A series of commitments this morning and early afternoon have made it impossible for me to write a normal length piece today.  Instead, I’ll simply offer a couple of quick data points about seasonality – or the lack thereof – that I find interesting.

First, as has been widely reported, the S&P 500 (SPX) just finished its best September in 15 years.  Last month’s 3.53% advance was above even last September’s 2.02% rise and fell short only to 2010’s 8.76% jump in recent history.  We noted earlier this month that while September is statistically the worst month of the year, whether we go up or down in any given September is essentially a coin flip, even while considering the four year down streak that was broken last year.

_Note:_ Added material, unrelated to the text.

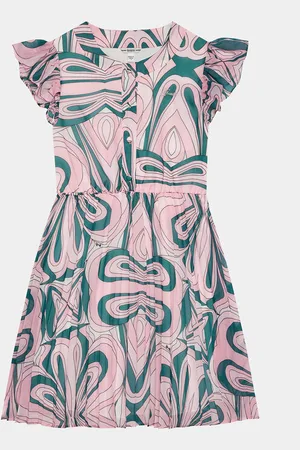 Guess Kleid für den Alltag J4RK19 WA2T0 Regular Fit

There is indeed truth to the “September Scaries”, but data show that a decline in September is far from pre-ordained.  Yes, September is statistically the worst month of the year for the S&P 500 (SPX).  It is only one of four that show net declines over the past 25 years, but it is by far the worst.  (According to Bloomberg data, January has averaged -0.19% this century; February -0.46%, June -0.25%, and September 1.51%).  Yet over that period, the likelihood of a September decline is only slightly greater than that of a coin flip: 12 of the past 25 Septembers have seen positive returns for SPX. 

Looking ahead, we see that October is a month that has averaged solidly positive returns of 1.31% over the prior 25 years, but we have a fair dispersion of results as well.  The odds are a bit better for an up month, 10 of 25, but that is hardly a resounding consensus.  When we narrow the data set to Octobers that follow positive Septembers, we see that five of them resulted in lower SPX returns for that month.  If you’re looking for a definitive pattern, I’ve yet to find one.

One pattern that is intriguing is the recent preponderance of down days to start the trading month.  Of the nine months prior to this one, six have begun with SPX trading lower, for an average decline of 0.41%.  To be fair, SPX was sharply lower this morning when I collected the data – it’s now modestly positive – but a decline would fit in this pattern.  It’s probably spurious, though it could be a bit of a hangover from month- or quarter-end position markups.  I know some of you doubt that it occurs, but I assure you from my experience dealing with institutional investors that it does occur.  How else might we explain yesterday’s late elevator ride higher.